Image-caption web data:

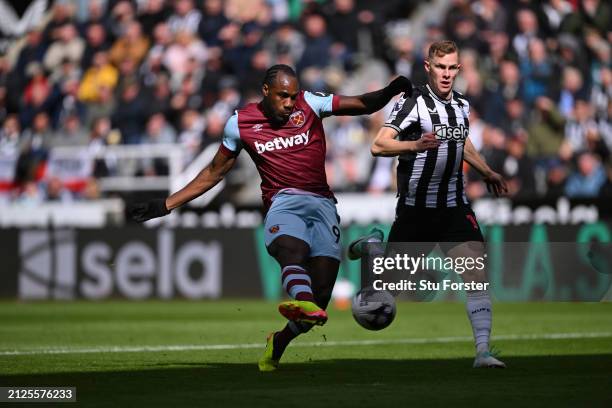 Michail Antonio of West Ham shoots top score the first West Ham goal watched by Emil Krafth of Newcastle during the Premier League match between...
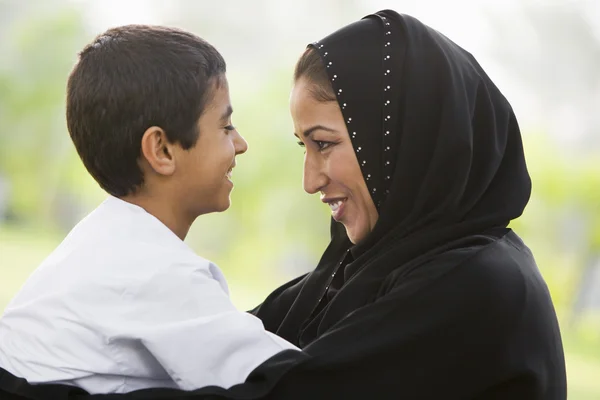 一个中东的女人和她的儿子坐在一个公园 — 图库照片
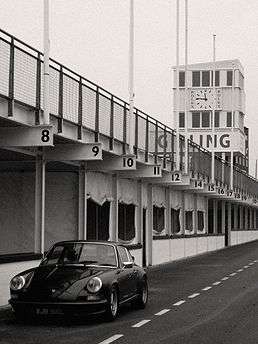 Black and white picture showing dark colours car in a pits area.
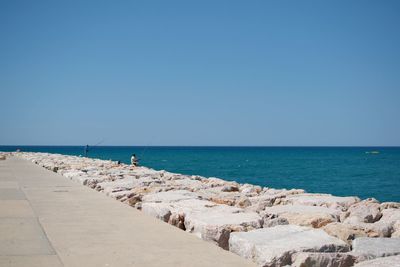 Scenic view of sea against clear blue sky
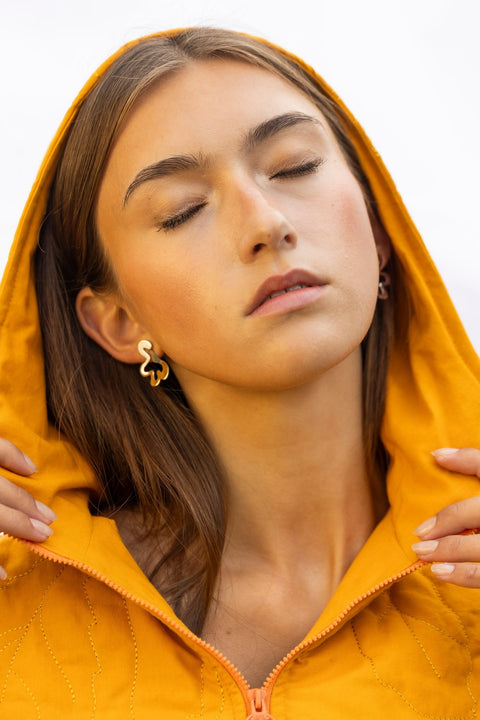 1. Woman in orange hooded jacket wearing Lentsius Folia Bold earrings, highlighting stainless steel design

[PROBLEM TO SOLVE]
All of the lines above must be printed again exactly, and no picture may appear in the copy.

[SOLUTION]
 Michail Antonio of West Ham shoots top score the first West Ham goal watched by Emil Krafth of Newcastle during the Premier League match between...
 一个中东的女人和她的儿子坐在一个公园 — 图库照片
 Black and white picture showing dark colours car in a pits area.
 Scenic view of sea against clear blue sky
 1. Woman in orange hooded jacket wearing Lentsius Folia Bold earrings, highlighting stainless steel design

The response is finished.